Fueron también a cenar a varias elegantes tabernas, y dos o tres veces la llevó al teatro. Ella no prestó más atención a la comedia que la que prestaba el resto del auditorio. Estaba más interesada, aun cuando no lo aparentaba, en los estragos que ocasionaba en el patio de platea. Algunos de los jóvenes se acercaron a Almsbury en tal forma, que éste no tuvo más remedio que presentar a su acompañante; dos o tres de ellos aventuraron injuriosas proposiciones bajo sus mismas narices. Almsbury afrontaba la situación con dignidad, haciendo saber a los impertinentes que ella no era una meretriz sino una señora, y, por añadidura, virtuosa. Mientras, Ámbar, avergonzada de su acento pueblerino, esperaba la tomaran por una dama realista que había vivido retirada con sus padres durante el protectorado y que venía a la Corte por primera vez.

Pero su más grande impresión la recibió en su visita a Whitehall Palace.

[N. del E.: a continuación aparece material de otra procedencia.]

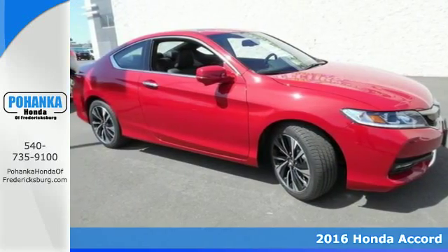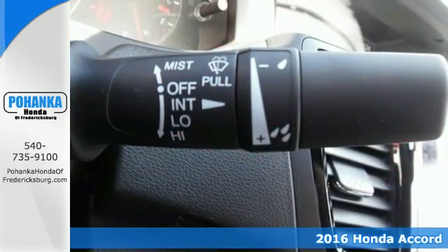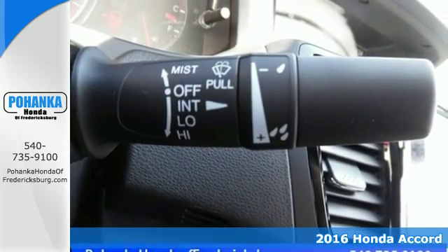It's a 2016 Honda Accord. Be prepared to emerge every day with head-turning looks, luxury, and good sense.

Whitehall estaba hacia el Oeste, cerca del recodo que formaba el Támesis. Era una gran masa de edificios construidos al viejo estilo Tudor, apanalado, con pasadizos y docenas de departamentos separados, como un complejo laberinto o una inmensa conejera. Allí vivían la familia real y todos los servidores de la Corte o haraganes que habían conseguido obtener vivienda con cargos oficiales de toda especie.

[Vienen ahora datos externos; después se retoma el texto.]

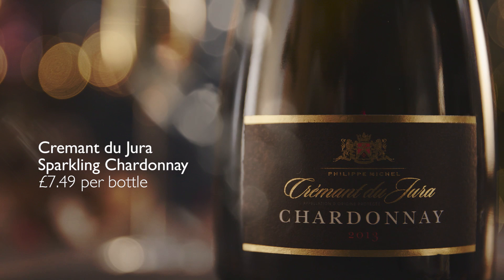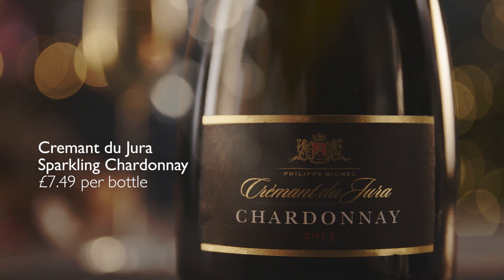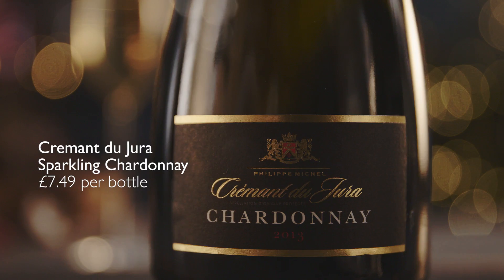At some point this new year you're going to pop the bubbly, and if you're looking for great value the word on the label to look for is Crémant. It's a sparkling wine made from outside of the Champagne region in France that uses exactly the same method and very similar grapes, but it saves you pounds at the checkout.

Por la parte que daba al río, estaba tan cerca de éste que las cocinas se inundaban a menudo; por los terrenos de atrás cruzaba la sucia y estrecha callejuela conocida como King Street, flanqueada de un lado por la parte del palacio conocida como Cockpit, y por el otro por la muralla del Jardín Privado.

Whitehall abría sus puertas a todos los visitantes. Cualquiera que hubiese sido presentado en la Corte o que acompañase a algún noble, podía entrar; sin embargo, extraños llegaban a filtrarse a través de las descuidadas puertas. El día de su visita, cuando Ámbar y el conde Almsbury llegaron a la Galería de Piedra, encontraron una compacta masa de gente. Era casi imposible pasar.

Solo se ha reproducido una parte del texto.